Work to be completed:
Please repeat, from the entries that follow, the lines from the one containing "Монитор PHILIPS 278E9QJAB/00" through the one containing "Page #115 background image" exactly, adding nothing.

Excerpted data:
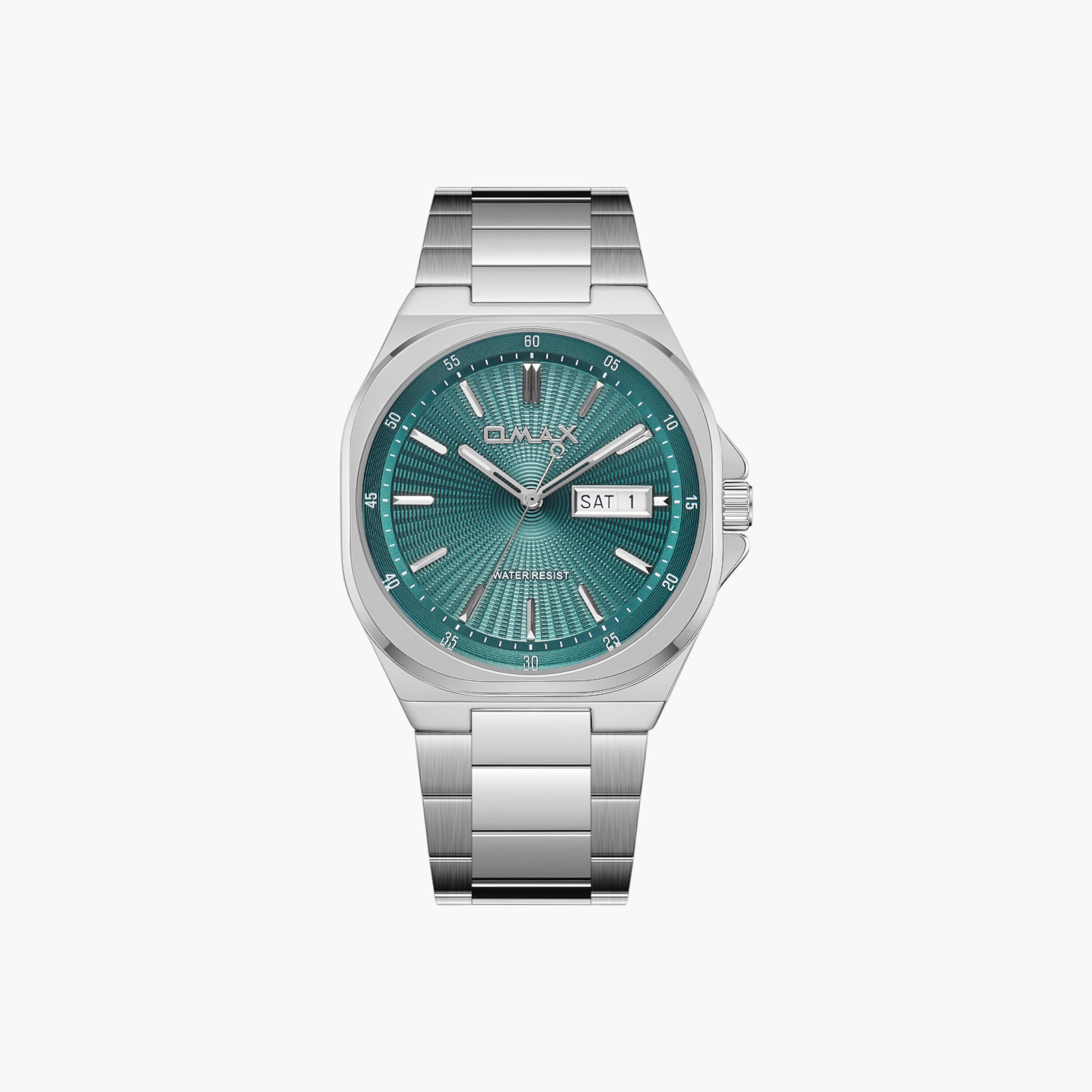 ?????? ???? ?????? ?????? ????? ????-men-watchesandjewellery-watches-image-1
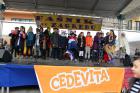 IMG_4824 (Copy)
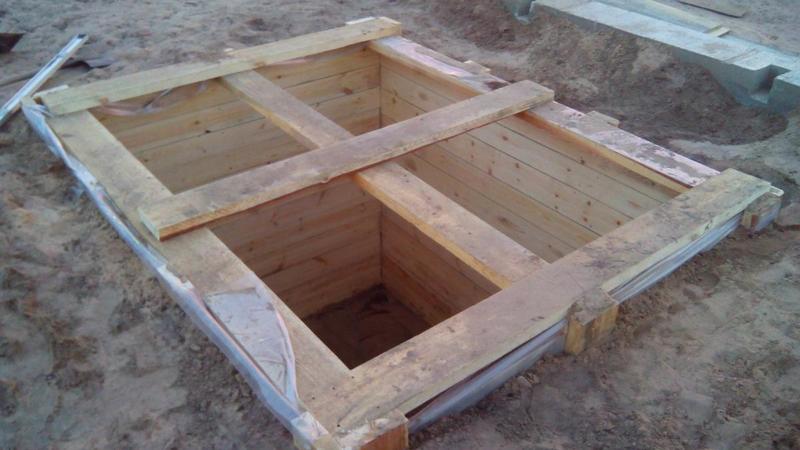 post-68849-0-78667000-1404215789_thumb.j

==

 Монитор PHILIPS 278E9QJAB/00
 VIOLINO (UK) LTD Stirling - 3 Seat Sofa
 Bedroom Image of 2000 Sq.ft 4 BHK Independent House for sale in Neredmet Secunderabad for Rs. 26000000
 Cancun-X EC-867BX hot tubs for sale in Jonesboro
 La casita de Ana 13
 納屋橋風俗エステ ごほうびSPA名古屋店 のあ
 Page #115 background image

...

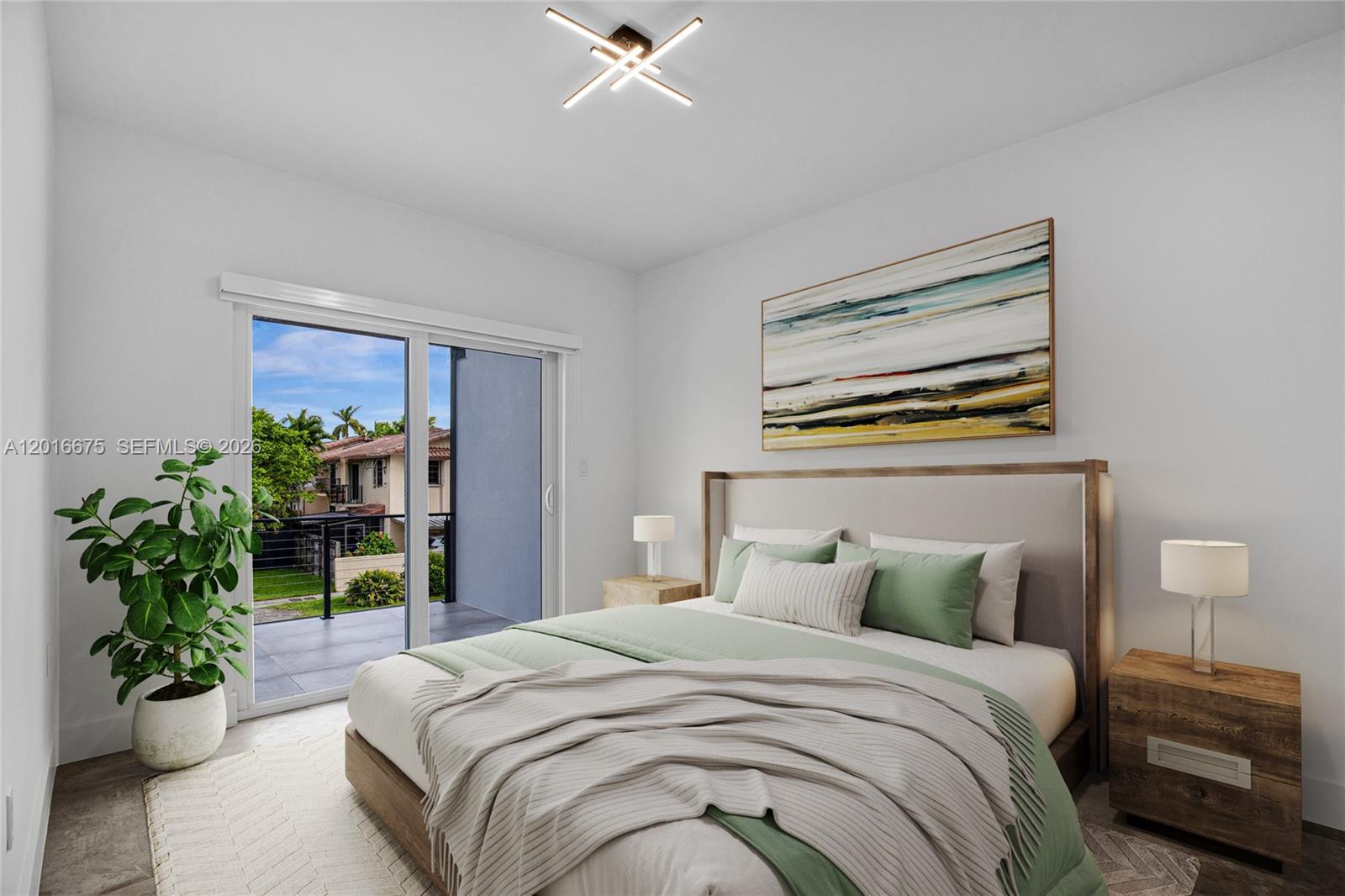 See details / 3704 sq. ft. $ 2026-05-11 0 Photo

Answer section:
 Монитор PHILIPS 278E9QJAB/00
 VIOLINO (UK) LTD Stirling - 3 Seat Sofa
 Bedroom Image of 2000 Sq.ft 4 BHK Independent House for sale in Neredmet Secunderabad for Rs. 26000000
 Cancun-X EC-867BX hot tubs for sale in Jonesboro
 La casita de Ana 13
 納屋橋風俗エステ ごほうびSPA名古屋店 のあ
 Page #115 background image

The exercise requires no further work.